Figuring out how to run a pass with LLVM feels needlessly complicated. This short post will briefly lay out two different methods of doing so using the new Pass Manager.
One simple method of running a compiler pass is to directly invoke it via Clang as outlined in this blog post.
This method is fairly straightforward and super easy, we just need to:
Create a class that inherits from PassInfoMixin, as described
here.
struct MyPass : public PassInfoMixin<MyPass> {
PreservedAnalyses run(Module& M, ModuleAnalysisManager& AM)
{
outs() << "Hello World\n";
// Your code here
return PreservedAnalyses::all();
};
}
If you’re unfamiliar, this bit of inheriting from a template where the derived type is the template parameter is known as the Curiously Recurring Template Pattern (CRTP).
Note that this example is a module pass, if you wanted a function pass
you can just change the signature of run to
PreservedAnalyses run(Function& F, FunctionAnalysisManager& AM);
Or for a loop pass:
PreservedAnalyses run(Loop &L, LoopAnalysisManager &AM,
LoopStandardAnalysisResults &AR, LPMUpdater &U);
Register your pass by adding the following:
extern "C" LLVM_ATTRIBUTE_WEAK ::llvm::PassPluginLibraryInfo
llvmGetPassPluginInfo()
{
return {.APIVersion = LLVM_PLUGIN_API_VERSION,
.PluginName = "MyPass",
.PluginVersion = "v0.1",
.RegisterPassBuilderCallbacks = [](PassBuilder& PB) {
PB.registerOptimizerEarlyEPCallback(
[](ModulePassManager& PM, OptimizationLevel /* Level */) {
PM.addPass(MyPass{});
});
}};
}
Compile the pass into a pass plugin library and run your pass
with Clang by giving it the argument -fpass-plugin=PATH_TO_LIB.
For more details, you can look at this repo.
Pros:
Cons:
The PassBuilder callbacks provide you with some control over when your pass is
scheduled, but it’s at a very coarse granularity.
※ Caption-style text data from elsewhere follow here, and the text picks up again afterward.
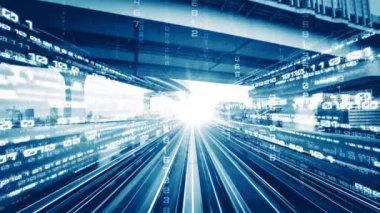 Program kodlama kavramında yolda dijital veri akışının döngüsel videosu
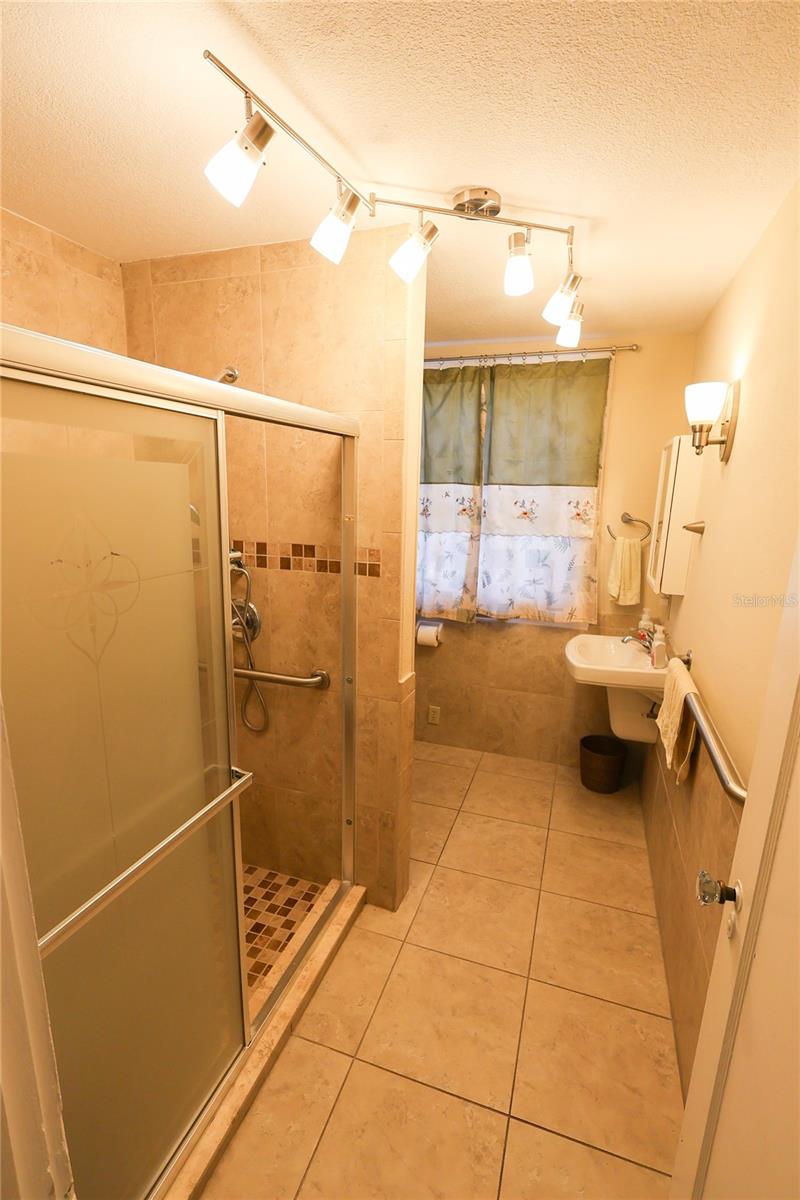 ALTA VISTA SUB - Residential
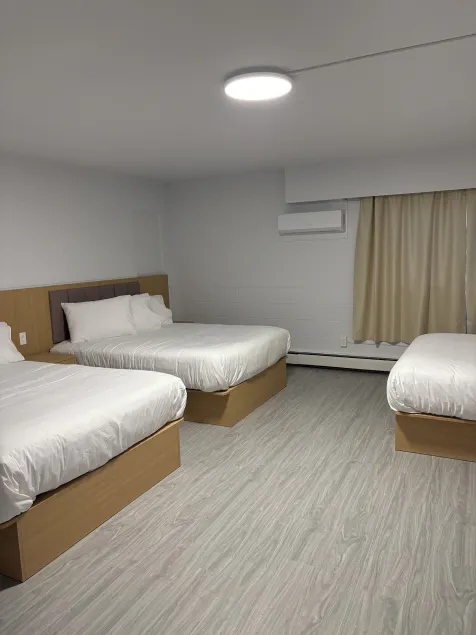 Rundle Inn and Suites - Image 1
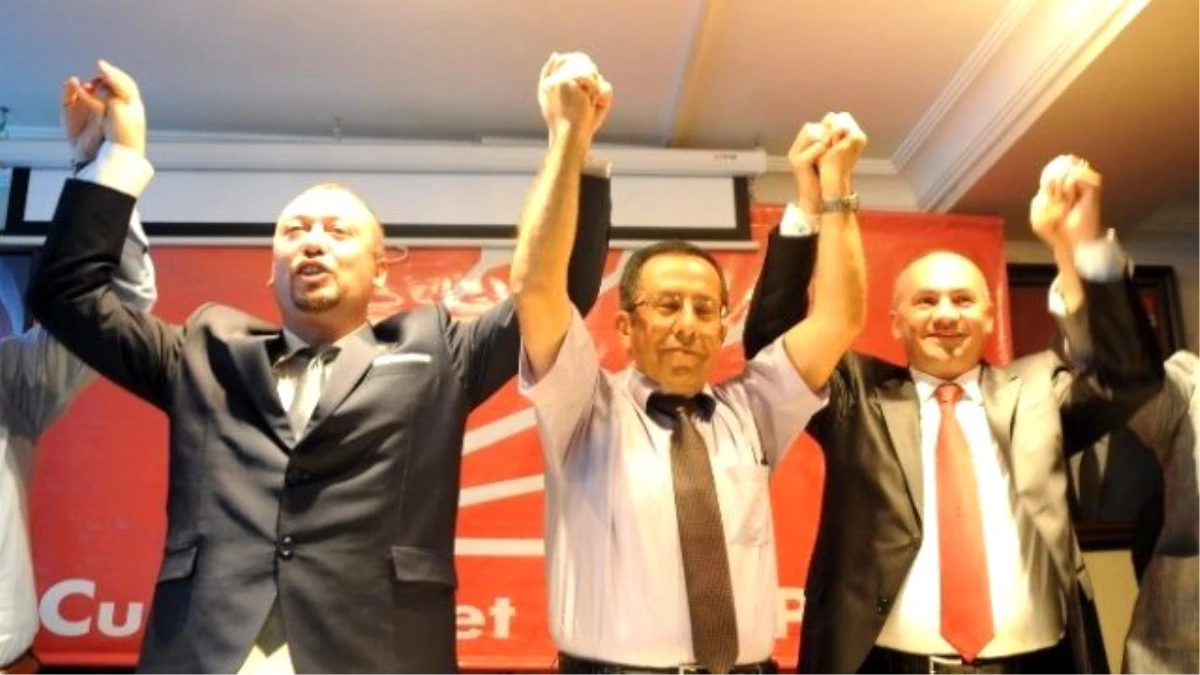 CHP Uşak Teşkilatı, Ali Erdoğan\'ı Bağrına Bastı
The registerOptimizerEarlyEPCallback
will schedule the pass before pretty much every other pass. For example, if you’d
like mem2reg to have been run first, then this extension point is not for you.
The registerOptimizerLateEPCallback will schedule the pass after almost all other LLVM passes.
If your pass enables more optimizations for other standard LLVM passes, then this
extension point is also not for you. There are a few other extension points, but
they all have similar flavors like registering your pass at the end of the loop
optimization pipeline. If you need precise control over when you’re pass is run, you’re probably
going to have to run the pass using opt.
Opt is LLVM’s modular optimizer and it gives you full control over which passes are run and how they are ordered. Step 1 in the previous section does not change. The first difference is in step 2. Now we need to register a pipeline parsing callback like so:
extern "C" LLVM_ATTRIBUTE_WEAK ::llvm::PassPluginLibraryInfo
llvmGetPassPluginInfo()
{
return {.APIVersion = LLVM_PLUGIN_API_VERSION,
.PluginName = "MyPass",
.PluginVersion = "v0.1",
.RegisterPassBuilderCallbacks = [](PassBuilder& PB) {
// for usage with opt
PB.registerPipelineParsingCallback(
[](auto Name, ModulePassManager& PM,
auto /* PipelineElement*/) {
if (Name == "my-pass") {
// if opt command line argument matches "my-pass"
// add the pass
PM.addPass(MyPass{});
return true;
}
return false;
});
// for usage with clang
PB.registerOptimizerEarlyEPCallback(
[](ModulePassManager& PM, OptimizationLevel /* Level */) {
PM.addPass(MyPass{});
});
}};
}
The callback will return true when the pass has been added and false otherwise.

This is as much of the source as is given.